## PROBLEM:
Retype exactly the span of lines below from the one with "Gebraucht Ford Kuga" through the one with "TEXTILE CRAFT STREETS". Do not include pictures.

## RECORD EXCERPTS:
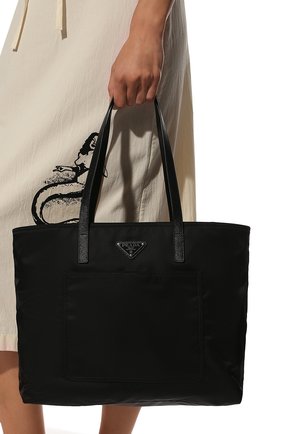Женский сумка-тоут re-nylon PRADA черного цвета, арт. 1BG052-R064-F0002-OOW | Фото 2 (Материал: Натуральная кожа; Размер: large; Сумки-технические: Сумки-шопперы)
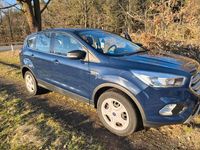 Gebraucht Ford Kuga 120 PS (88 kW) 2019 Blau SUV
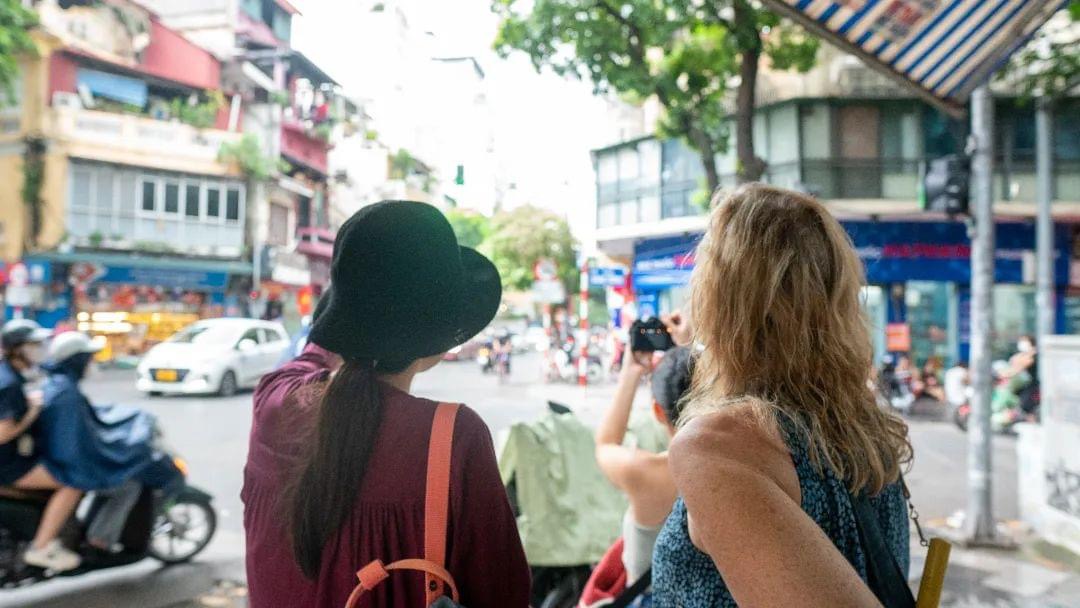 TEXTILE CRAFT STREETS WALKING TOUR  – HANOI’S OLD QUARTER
--
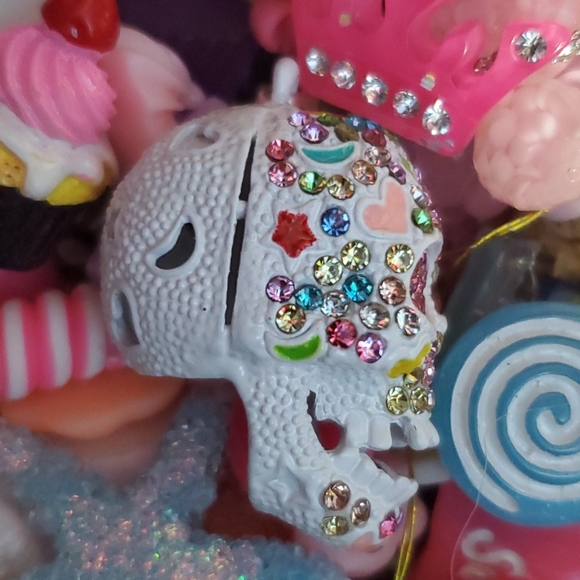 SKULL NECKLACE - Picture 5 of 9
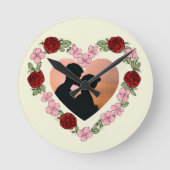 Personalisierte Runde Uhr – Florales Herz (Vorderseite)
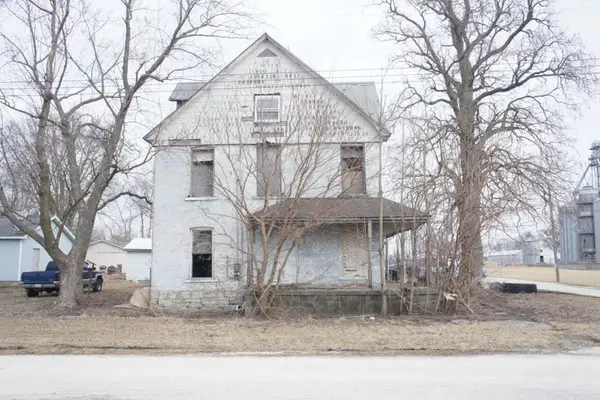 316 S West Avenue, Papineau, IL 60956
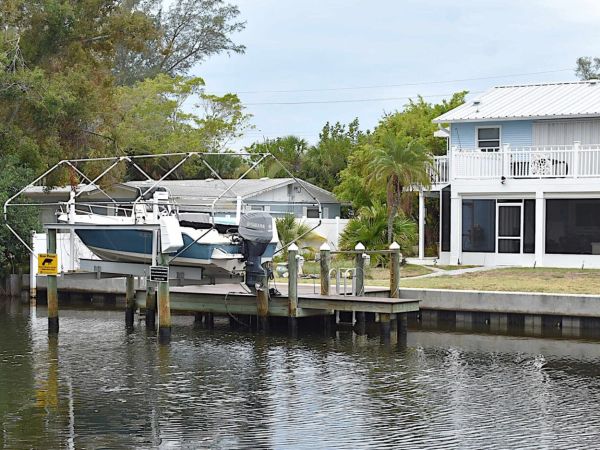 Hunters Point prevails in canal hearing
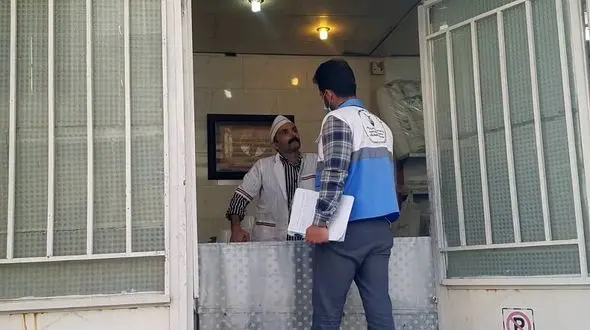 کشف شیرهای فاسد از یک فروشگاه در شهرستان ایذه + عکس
---
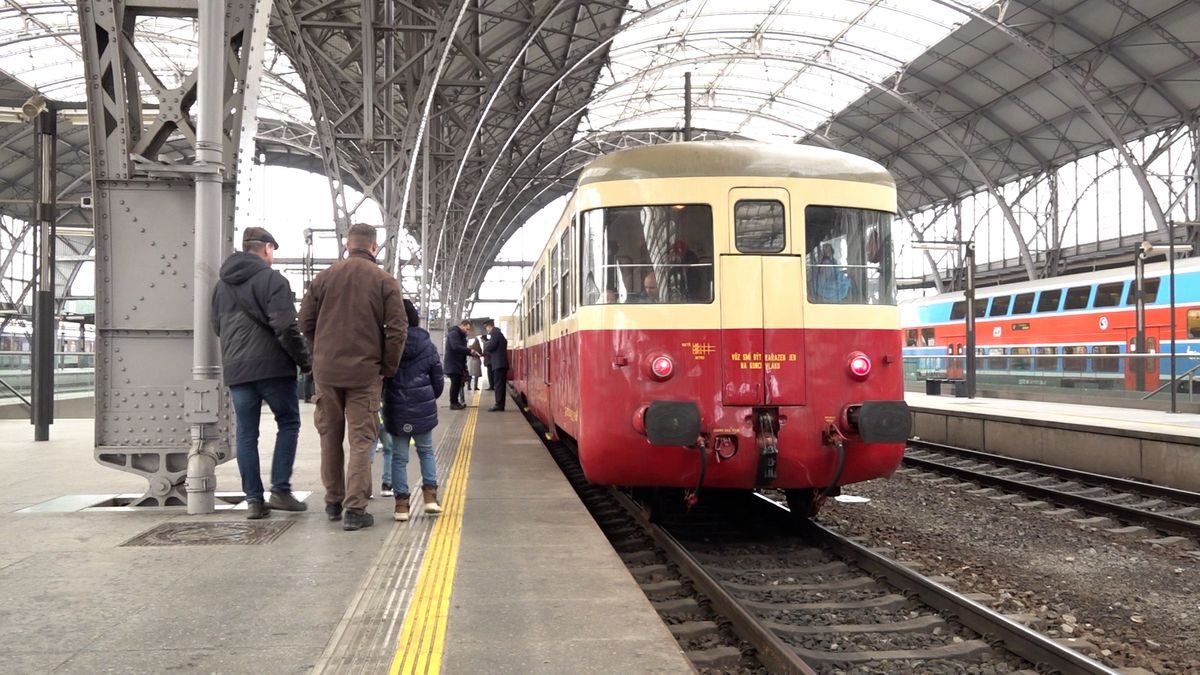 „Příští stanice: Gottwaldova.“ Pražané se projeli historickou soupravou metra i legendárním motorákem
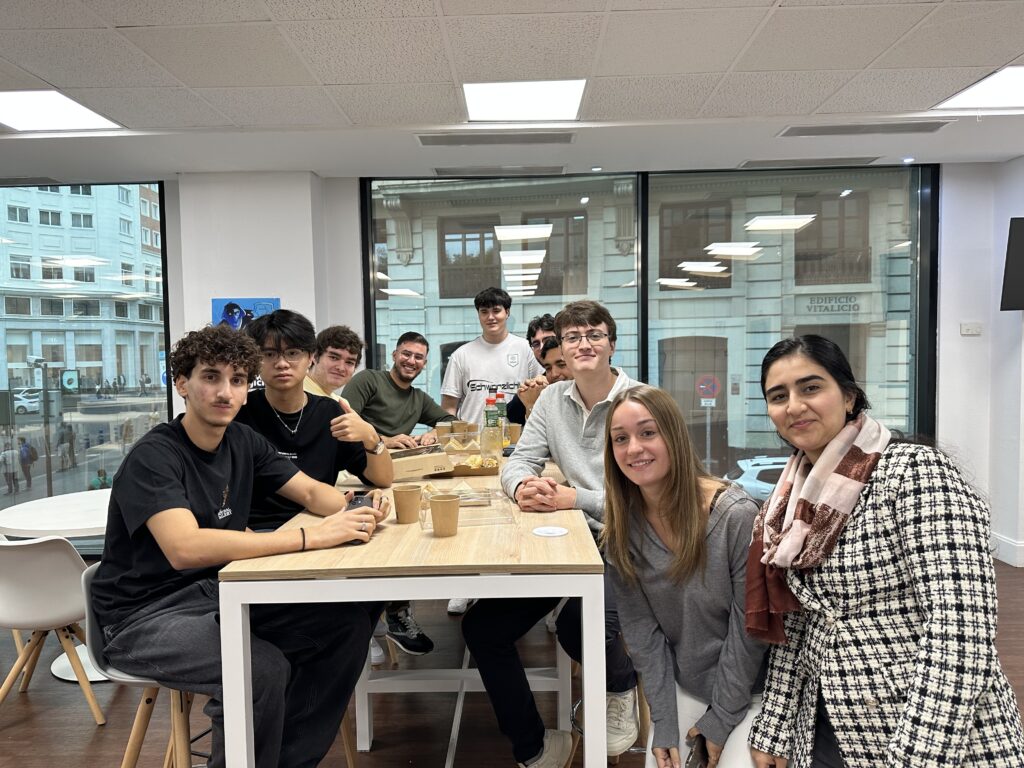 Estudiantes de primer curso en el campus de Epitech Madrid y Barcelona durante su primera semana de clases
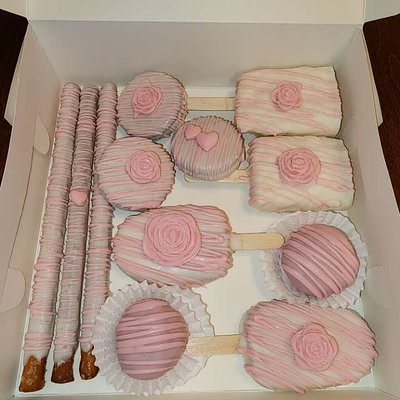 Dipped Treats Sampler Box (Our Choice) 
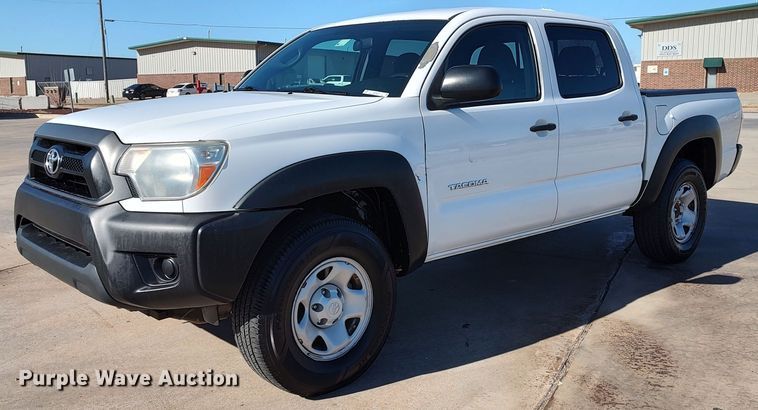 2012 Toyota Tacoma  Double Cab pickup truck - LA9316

## SOLUTION:
 Gebraucht Ford Kuga 120 PS (88 kW) 2019 Blau SUV
 TEXTILE CRAFT STREETS WALKING TOUR  – HANOI’S OLD QUARTER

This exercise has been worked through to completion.